Certificated or not, I won't be putting out my flight school shingle any time soon. Hours spent flying for compensation, instruction included, are counted against the weekly and monthly flight time limits at my airline job; my airline is understandably loath to share me with anyone else. So any instructing I do will be purely for the fun of it, with family, friends, and maybe an ex-student or two. That said, I expect having my CFI again to open up some interesting opportunities, one of which I did last week. It's long been a dream of mine to fly clear across the country in a small plane.

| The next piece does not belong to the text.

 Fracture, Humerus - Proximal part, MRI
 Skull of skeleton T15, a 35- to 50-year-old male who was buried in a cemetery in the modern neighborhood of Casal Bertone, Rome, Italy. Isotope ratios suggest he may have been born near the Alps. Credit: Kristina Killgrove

As it happens, I have a certain ex-student who wished to relocate his nice-but-underused Warrior from Southern California to Connecticut. Stay tuned.

5 comments:

La Vida de Perro said...

Seeing your photos took me back to a flight I enjoyed about 30 years ago. I departed on a beautiful CAFB day out of Riverside, west to the coastline, then north over Orange County, LAX and out to Palmdale in the High Desert.

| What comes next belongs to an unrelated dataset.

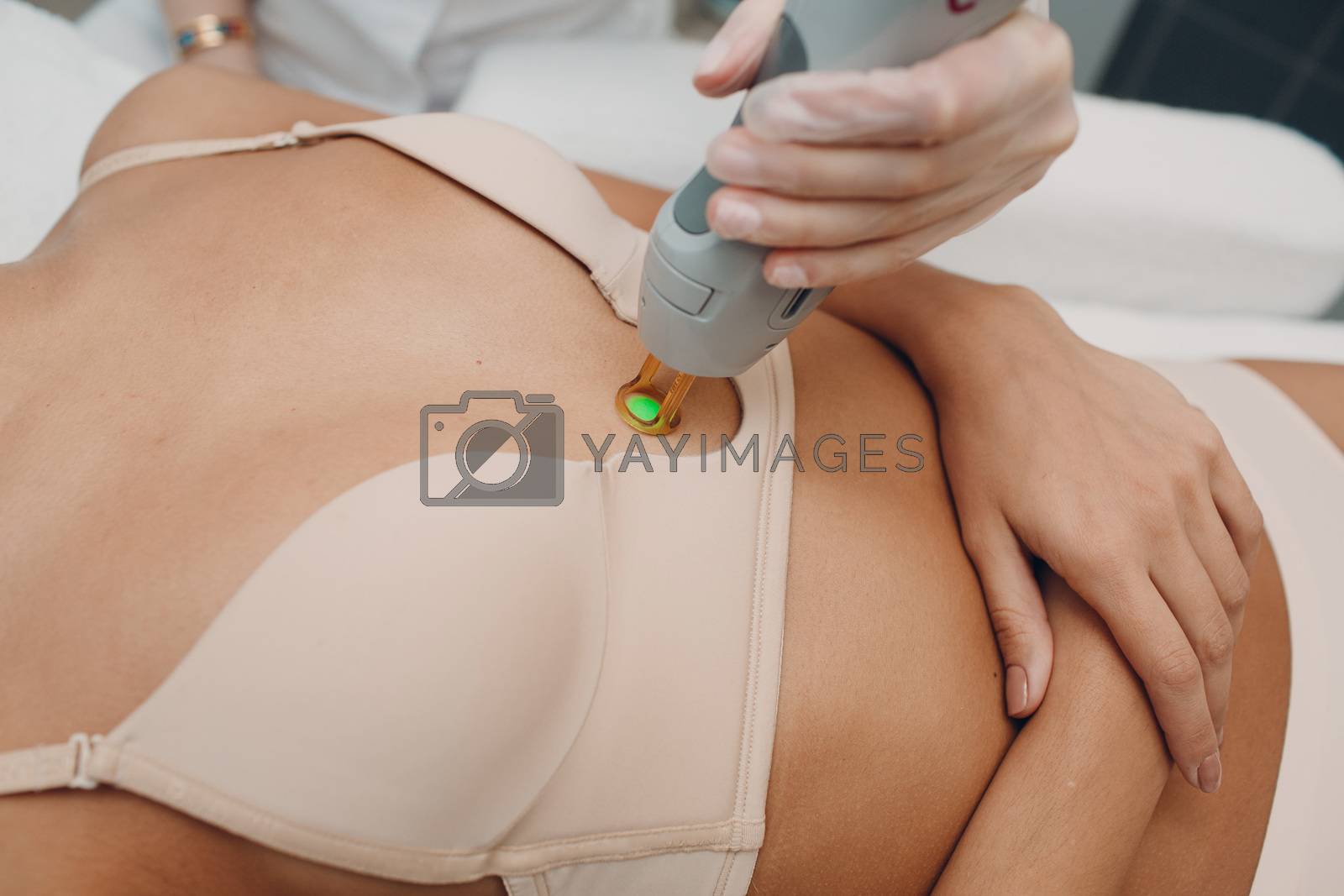 Royalty free image of Breast Laser epilation and cosmetology. Hair removal cosmetology procedure. Laser epilation and cosmetology. Cosmetology and SPA concept. by primipil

Oh, and did I mention that I, a strictly VFR Cherokee driver, was at FL200 in the back seat of a T-38? Thanks for firing up those old memories!

PeterC said...

I enjoy your blog for the mixture of life that it brings us. Good to see you are still in general aviation and also how much you enjoy life in general. Back in '91 I rented from ADP as they were the only FBO that would rent a twin. It lasted only about six months as I moved out of the area. I still visit EMT from time to time to visit the Santa Anita racetrack.

Tom B. (China) said...

Nice pictures! On a separate topic, have you read the Lebanese CAA crash report on Ethiopian 409, the 738 that crashed off of Beirut? It's at:
http://www.lebcaa.com/pdfs/Final%20Investigation%20Report%20ET%20409.pdf

Scary stuff. Was wondering what your thoughts were. I realize it's a lot of armchair quarterbacking since we weren't there with the pilots, but I also noticed that Ethiopian Airlines has refuted this report. After reading this report I can't help but compare it to Colgan 3407 in terms of the basic pilot errors.

Anonymous said...

Thanks Sam, for a wonderful post! Been reading your blog slowly but surely, and really enjoy your stories.
Thanks!!

Dale

Ron said...

Welcome back to SoCal! No matter which part of the world I'm flying in, I always love coming back to the L.A. basin for the unique mix of historic airports and beautiful vistas. Not much can compare with flying down the coast low and slow.

You're so right about the traffic. It's crazy how little flying is going on around here anymore. I hope this is the nadir of an economic cycle and not a permanent state of affairs.